The sinuous form of the Marlborough Sounds has always been a source of confusion. A dark spot in my geography. So I was keen to get up to the highest point and see if I could decipher the land and seascapes.
Mt Stokes is the viewpoint of the Marlborough Sounds. Even on a map it takes a long time to get familiar with the intricate labyrinth of waterways and islands.
From the summit, it is the same. The indented coastline is woven without straight lines. It’s easy to imagine Kupe’s octopus.
It’s said, the legendary explorer tussled with a giant octopus and during the struggle, the many tentacles gouged the land into the labyrinthine curves of today. Kupe eventually won over the monster of the deep and scooped out his eyes, tossing them into the ocean where they metamorphosed into Ngawhatu, the Brothers Islands off the head of Cape Koamaru.
Geologically, the Marlborough Sounds is a continuation of the Richmond Range, but this north-eastern end is actually subsiding into the sea.
The ascent of Mt Stokes is, at first, easy going.The track is relatively even and well-formed. When the real ascent starts, things get tougher. Although there are orange triangles, they are sporadic. The track is steep, rough and indistinct.
As Mt Stokes cops the full brunt of Cook Strait winds and periodic storms ravage the forest, the place can look like a bomb site. As I gained altitude, the silver beech became more stunted and draped with moss. All of a sudden, the forest ended – and with a short steep climb I popped out onto the herb fields of the summit area. A few more minutes across the tussock and I was standing by the weather station at the 1203m summit.
Mt Stokes is to all intents and purposes an island – two hectares of alpine herbfield and snow tussock in a sea of silver beech forest. This is the only home for alpine plants in the Sounds and it’s a curious garden. It features 14 species of uniquely South Island alpine plants, six of those species being represented in the North Island only in the Tararua Range. An additional seven species occur north and south of the Tararuas, but not in them. This tiny enclave also has its own species; Celmisia macmahonii and a subspecies of Anisotome haastii are thought to live here and nowhere else.
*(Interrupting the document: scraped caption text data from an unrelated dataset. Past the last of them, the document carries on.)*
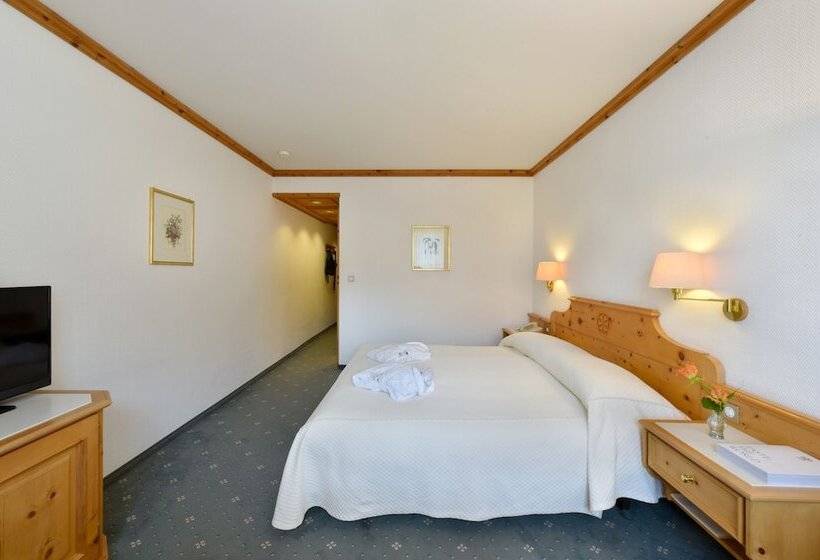 חדר סטנדרט, Walther   Relais & Châteaux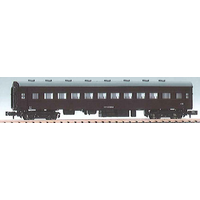 Kato N Passenger Car Oha 35 Post War Blue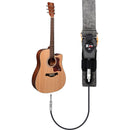 Xvive Audio H1 Transmitter Holder for U2 Guitar Wireless System
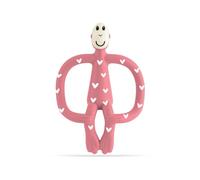Matchstick Monkey - Anneau de dentition Animals Matchstick Monkey Love Heart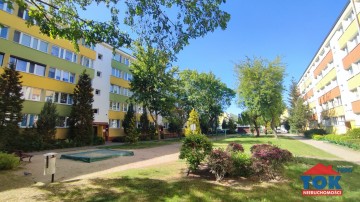 Mieszkanie 2-pokojowe na sprzedaż, Konin ul. Wyszyńskiego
Surprisingly, this botanical treasure house was allowed to be ravaged by goats, deer, pigs and stock until the area was fenced in the late 1980s. Other alpine representatives include eyebrights, mountain daisies, gentians and speargrasses.
Nearby Ship Cove was one of Captain Cook’s favoured anchorages. Cook’s enthusiasm for his new anchorage was disseminated throughout the European world and other explorers followed in his wake. A French mission captained by Jules Sebastian Cesar Dumont d’Urville set out to fill in the gaps of Cook’s charts in 1827. Various improvements in the charts were finalised between 1848 and 1855 during Captain John Lort Stoke’s systematic charting of the entire New Zealand coastline on HMS Acheron. Mt Stokes is named after the surveyor, whose work was so thorough his charts were still being used well into the 20th century.